__WHAT THE TASK ASKS__:
Could you repeat the data word for word while skipping the pictures?

__SUPPLIED MATERIAL__:
- - - -
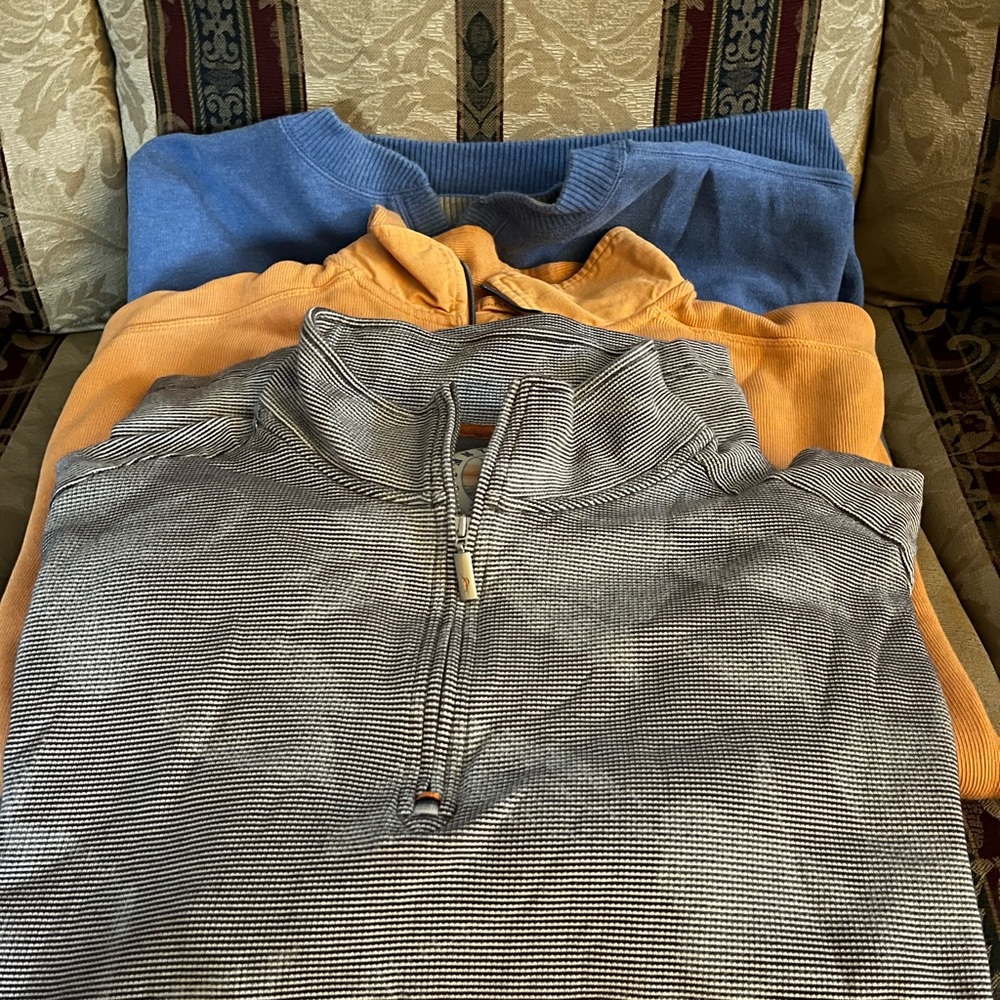Tommy Bahama men’s 2 quarter zip and long sleeve shirt bundle. Blue, orange,gray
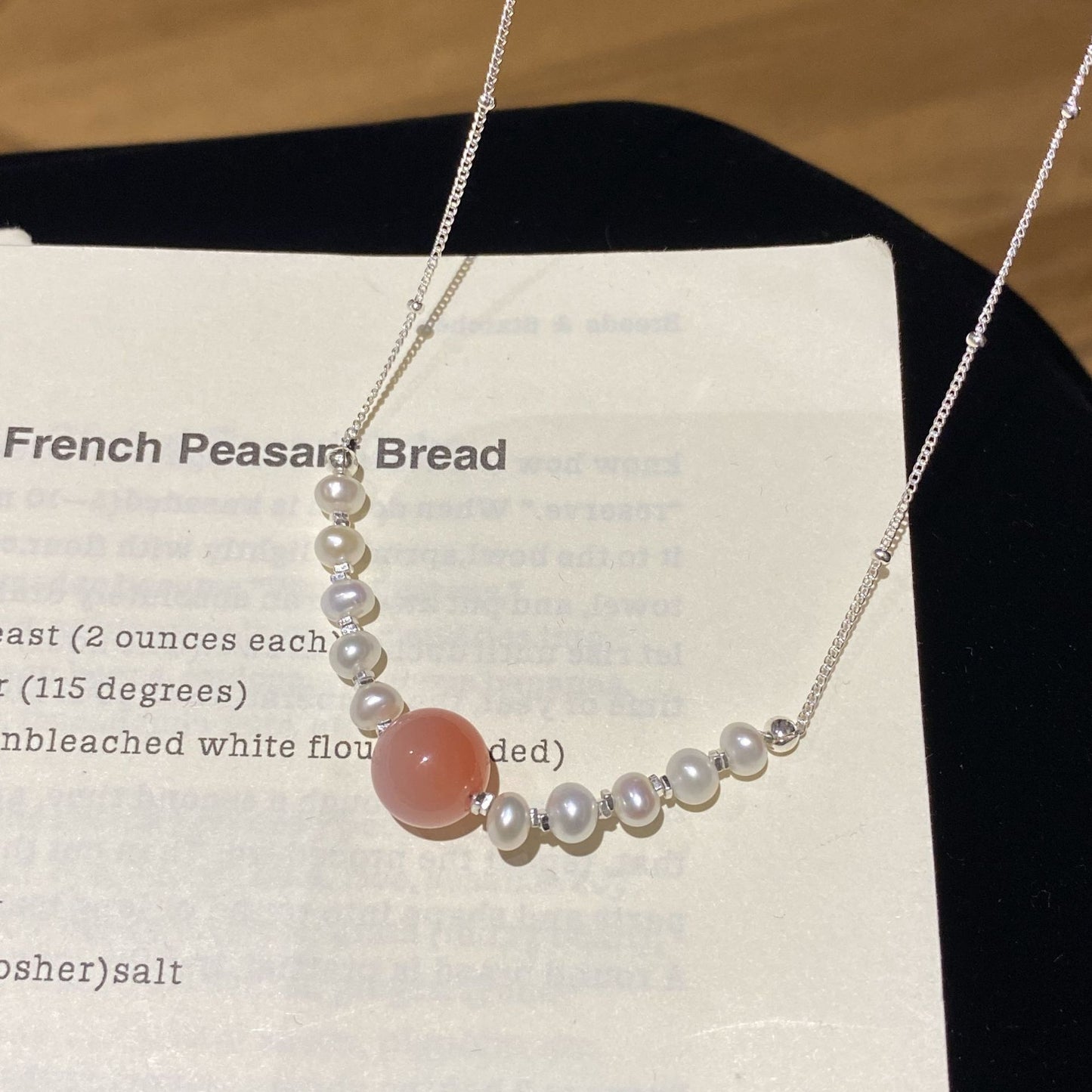 E廠【XDQ0205N】S925純銀高級感鹽源瑪瑙項鍊女小眾輕奢淡水珍珠百搭鎖骨鏈潮
 25.11-4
- - - -
__COMPLETED TASK__:
Tommy Bahama men’s 2 quarter zip and long sleeve shirt bundle. Blue, orange,gray
 E廠【XDQ0205N】S925純銀高級感鹽源瑪瑙項鍊女小眾輕奢淡水珍珠百搭鎖骨鏈潮
 25.11-4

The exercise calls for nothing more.